To include test counts, testFiles
needs to be specified. This
is again, a list of patterns matching files that contain tests
(it is up to you if you wish to define this to mean unit tests,
integration tests, UI tests, etc.). Git Hammer will look inside
each of the test files. Any line matching the Python regular
expression testLineRegex
is counted as one test. So
testLineRegex
should typically match whatever acts as the
header of a test. Here, it is the definition of a function
named starting with test_
. Other projects, and especially
other languages, will have different conventions.
All the file name patterns above (sourceFiles
,
excludedSourceFiles
, testFiles
) are glob patterns as
defined by the
globber library.
The configuration file can be given as an option to the
init-project
command:
python -m githammer init-project baffle ~/projects/baffle --configuration ./baffle-config.json
If the --configuration
option is not given, but the repository
contains a file named git-hammer-config.json
, this file will
be read as the configuration. This way you can keep the Git
Hammer configuration for a repository in that repository.
Note: The configuration file path, as well as the repository path, will be stored in the database, so they should not be moved. If the configuration changes, data that was already in the database will not be reprocessed with the new configuration.
There is also a command to check what are the effects of a configuration. Run
python -m githammer list-sources ~/projects/baffle --configuration ./baffle-config.json
to print out a list of all files considered source or test files,
and for each test file, the lines considered to be tests. A missing
--configuration
option is treated in the same way as with
init-project
above.
A partial output of the list-sources
command on the Git Hammer
repository looks like this:
S: githammer/dbtypes.py
S: githammer/frequency.py
S: githammer/hammer.py
T: tests/__init__.py
T: tests/check_regression.py
T: tests/hammer_test.py
T: tests/test_init.py
|--- def test_plain_init_does_not_create_database(self):
|--- def test_update_fails_when_database_not_created(self):
Source files are marked with S
, test files with T
, and after
each test file, its test lines are printed indented with |---
.
Multi-Repository Projects
Sometimes, a team works on multiple repositories that all still belong to the same project. For instance, a piece of functionality may be better to split off into a library in an independent repository.

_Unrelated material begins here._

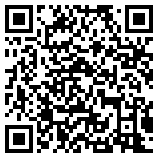 QR Code for Noonan Energy in Palmer, MA 01069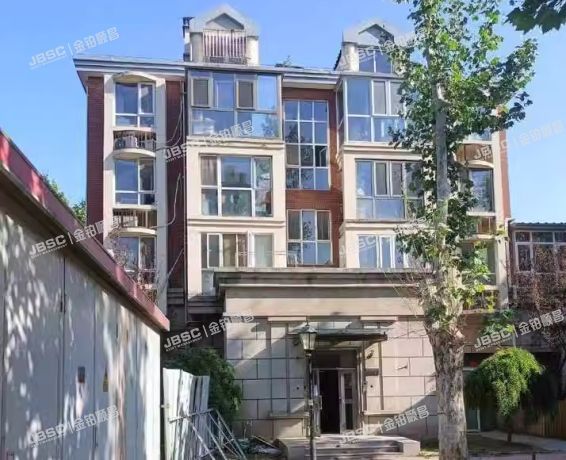 大兴区 育镇街32号院15号楼2单元301室（恒盛波尔多小镇）&nbsp;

Git Hammer supports such projects by not limiting the project data to a single repository.
To add another repository to an existing project, just use
add-repository
:
python -m githammer add-repository baffle ~/projects/baffle-common
This will process the new repository, adding it to the project
database. After this, any summary information will include
data from all repositories of the project. Like init-project
,
add-repository
also accepts the --configuration
and
--earliest-commit-date
options with the same semantics for
the added repository.
Database Migrations
If you update Git Hammer, it is possible that the database schema is updated in the new version. This means that you will need to migrate any existing databases to the latest version. Migration is performed by running
HAMMER_DATABASE_URL=<URL of database to migrate> alembic upgrade head
(If you haven't installed Git Hammer with pip
, run this command
in the project directory and add PYTHONPATH=.
at the beginning.)
It is safe to run this even if the database schema has not changed in the update, so there is no need to try and figure that out before running the migration.
License
Git Hammer is licensed under the Apache Software License, version 2.0. See the LICENSE file for precise license terms and conditions.